◆ INPUT FOR THIS TASK:
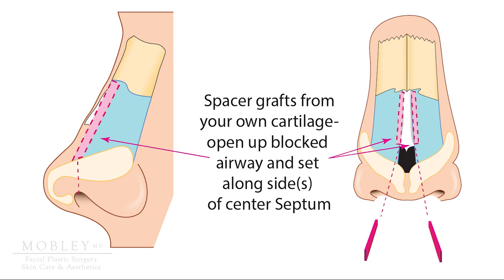Just below the nasal bones, as shown on the image on the screen left. On the image on the screen right, you get a better sense of where the spacer and spreader grafts sit in the middle valve area. They are placed just below the nasal bones but above the nasal tip, and will add a little bit of width in this area.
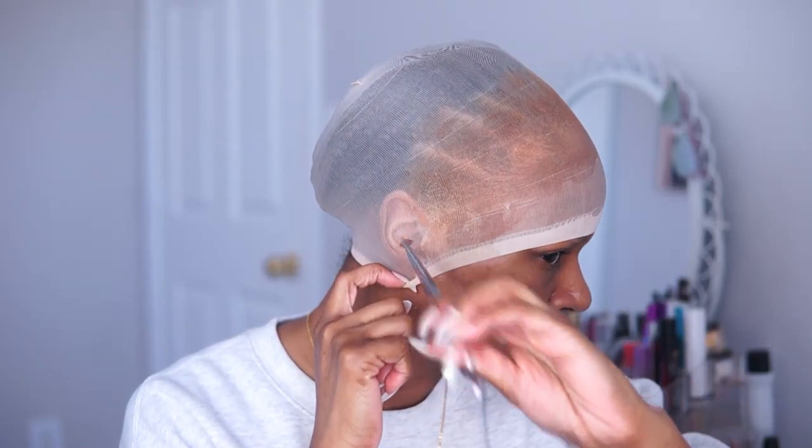Now it's time to cut away at this wig cap. I started at my ears, making a full cut around those, then I'll go up through the center of the wig and cut off the excess of the wig cap.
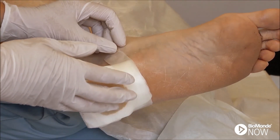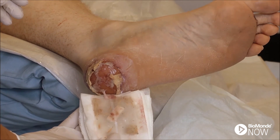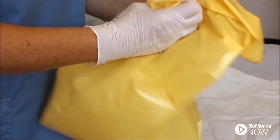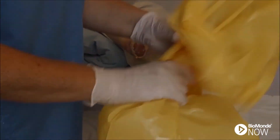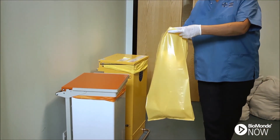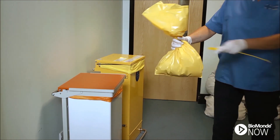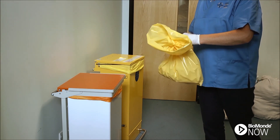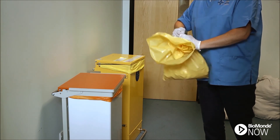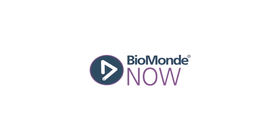When the treatment is complete, remove the larvae and outer dressing. Once removed, place the larvae in a clinical waste bag. On disposal, double bag the larvae and dressings. Consider the larvae contaminated dressings waste and dispose of as per local policy.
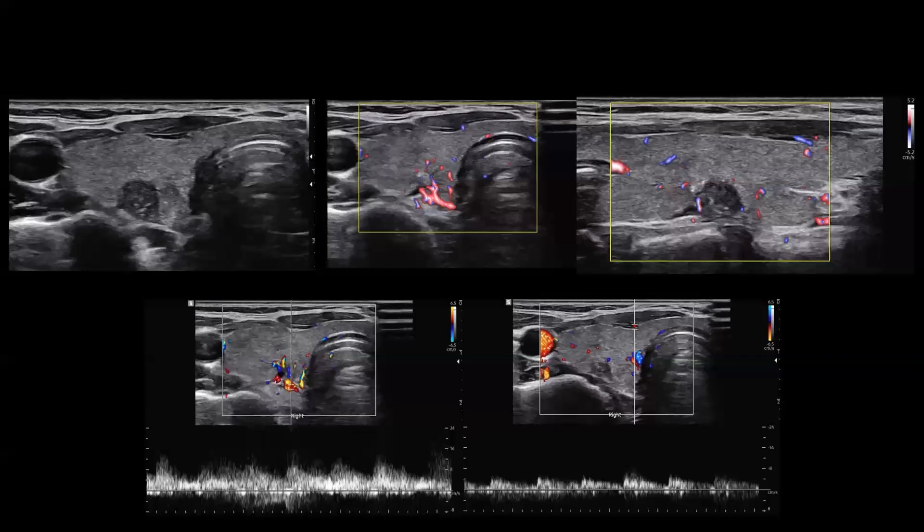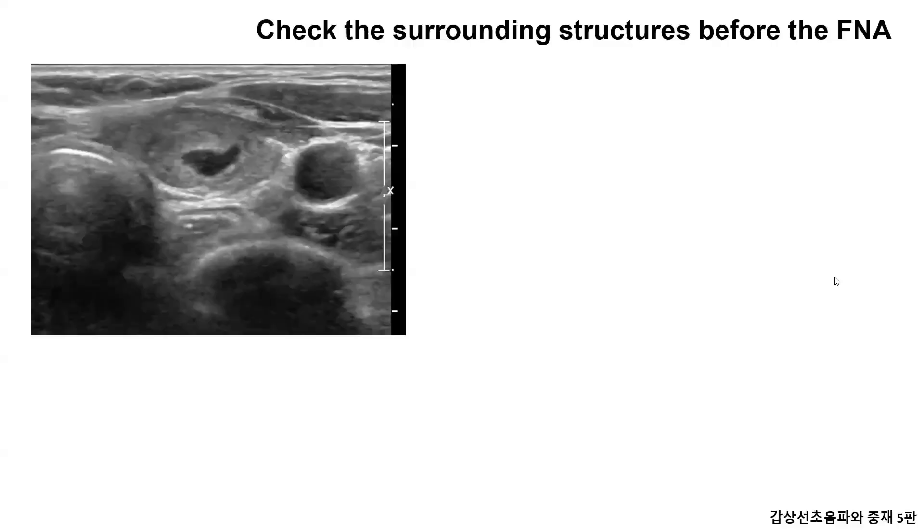This patient has an 8 mm suspicious nodule on the right thyroid. The superior thyroidal artery is seen in the front of the thyroid gland. Vascularity in the superior part of the nodule is prominent, so you should avoid poking it. Doppler is available for artery verification. There's an esophagus behind this nodule, so the examiner needs to be careful not to let the needle advance backward.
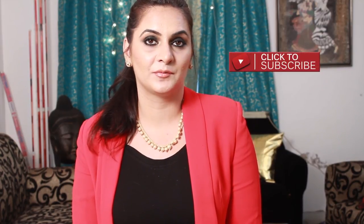Hello my lovelies, welcome to Color Me Pink! Today's video is my personal absolute favorite — a fully blown-out smoky eye with a nude lip.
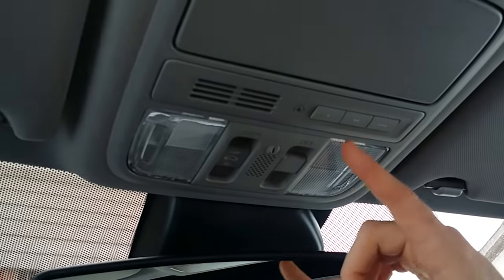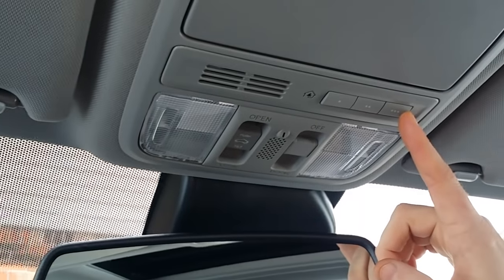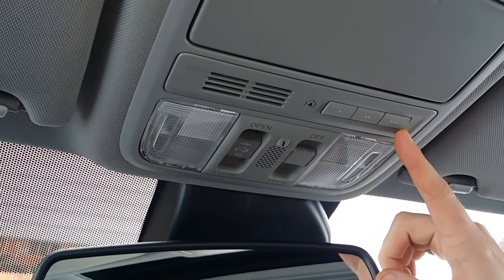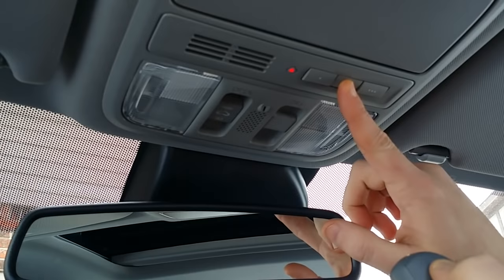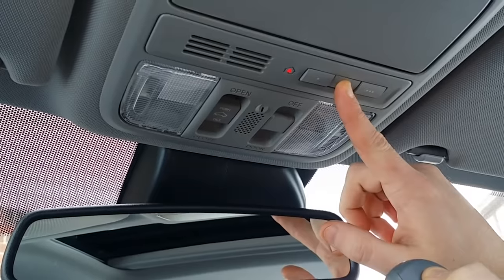Very simple to do. All you have to do is get your garage door opener, select which one of these slots that you want to program it to, hold it up to the slot or the button that you're going to press, hold them down at the same time. You'll see a flashing blinking light. Once it stops blinking, it's set.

◆ REQUIREMENT: Above are the records; set down exactly the lines from the line containing "Hello my lovelies, welcome" through their last line, leaving every picture out.

◆ ANSWER SECTION:
Hello my lovelies, welcome to Color Me Pink! Today's video is my personal absolute favorite — a fully blown-out smoky eye with a nude lip.
Very simple to do. All you have to do is get your garage door opener, select which one of these slots that you want to program it to, hold it up to the slot or the button that you're going to press, hold them down at the same time. You'll see a flashing blinking light. Once it stops blinking, it's set.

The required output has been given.